AIM OF THE EXERCISE:
Reproduce the listing exactly and skip over any pictures.

DATA SECTION:
_____

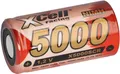 Produktbild: XCell SUB-C Akku Zelle 5000mAh 1,2V NIMH Hochleistungszelle in Industriequalität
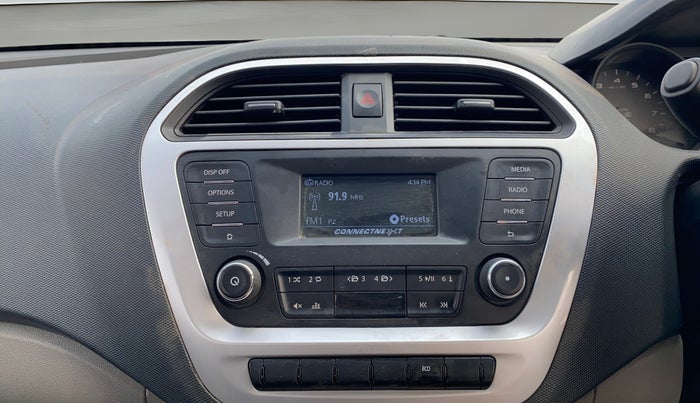 2017 Tata Tiago XT PETROL, Petrol, Manual, 86,671 km, Air Conditioner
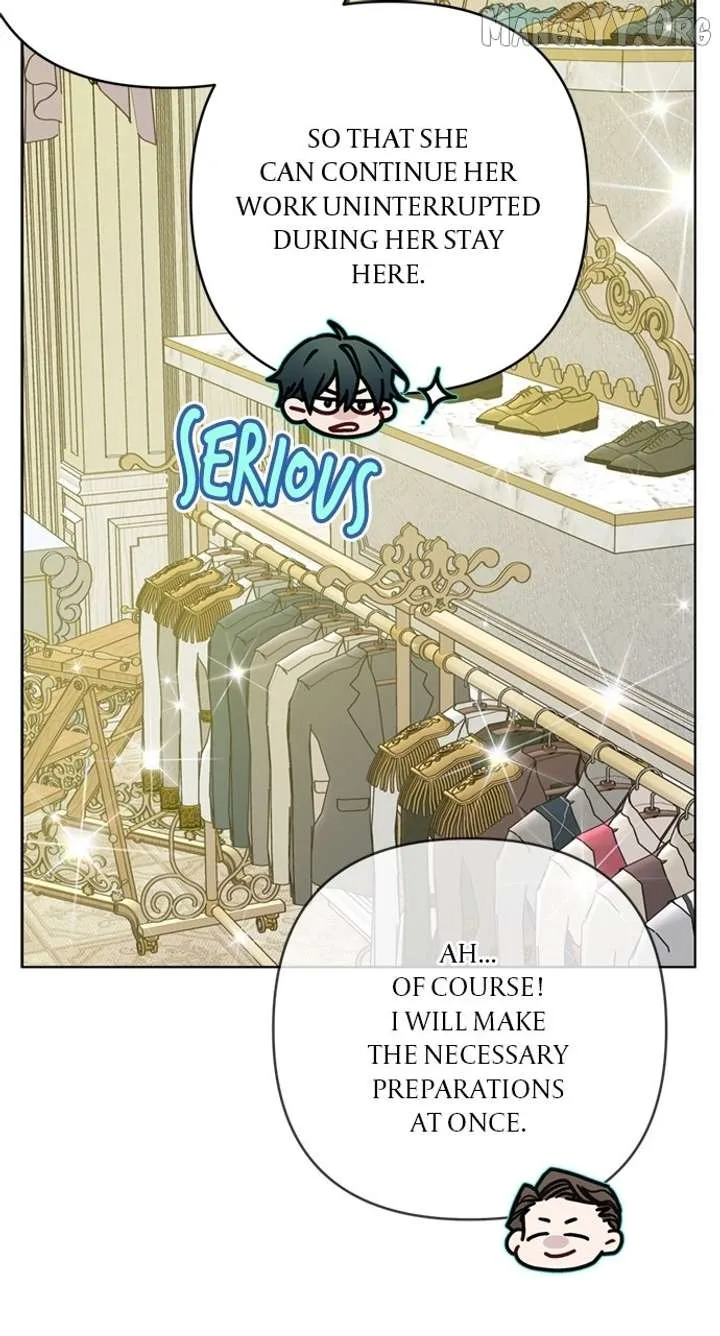 The Way That Knight Lives As a Lady Chapter 187 page 33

_____

OUTPUT BELOW:
 Produktbild: XCell SUB-C Akku Zelle 5000mAh 1,2V NIMH Hochleistungszelle in Industriequalität
 2017 Tata Tiago XT PETROL, Petrol, Manual, 86,671 km, Air Conditioner
 The Way That Knight Lives As a Lady Chapter 187 page 33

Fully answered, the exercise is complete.